Immigration, however, was another story.
The 12-term Texas congressman spent the better part of a 25-minute address thinking aloud about the thorny subject. He talked about how Americans are more accepting of outsiders when the economy is good, but when trouble looms there is a search for scapegoats.
"I believe Hispanics have been used as scapegoats, to say, they're the problem instead of being a symptom maybe of a problem with the welfare state," Paul told the group....
"Now there's a lot of antagonism and resentment turned just automatically on immigrants," he continued....

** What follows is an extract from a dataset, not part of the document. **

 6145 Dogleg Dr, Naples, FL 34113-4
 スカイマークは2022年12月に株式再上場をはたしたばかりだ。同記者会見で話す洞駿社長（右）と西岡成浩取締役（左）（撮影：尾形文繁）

Paul said he's not one of those politicians who believes that "barbed-wire fences and guns on our border will solve any of our problems." That's not, he said, the American way. And he doesn't think that a national identification card is the way to go.
The LA Times also profiles Paul's Nevada support base.
*The University of Minnesota's "Smart Politics" page notices Paul is the only GOP candidate who doesn't wear lapel pins to demonstrate his political beliefs.
*The Independent Voter Network tries to argue that a Paul who wins the GOP nomination is so electable:
As is consistently attested by poll results and even the Republican Party’s most recent primary votes in Iowa, New Hampshire, and South Carolina, the facts are these: Ron Paul performs better among independentsthan any other Republican candidate for the presidential nomination. He also performs better among young voters under 30 than any other Republican. Ron Paul also outperforms any of the remaining Republican candidates among Democrats, liberals, moderates, and low-income voters.
Independents, people under 30, liberals, moderates, and low income voters are all key constituencies that helped Obama win his primary and the general election in 2008. It only stands to reason that the candidate with the broadest appeal to Obama’s key voters and the greatest chance of swaying their votes is the most electable candidate. Even former Florida Governor Jeb Bush realizes that the Republicans can only win the general election with a candidate who appeals to independents, which is why he recently admonished the GOP’s candidates, saying “You have to maintain your principles but have a broader appeal.”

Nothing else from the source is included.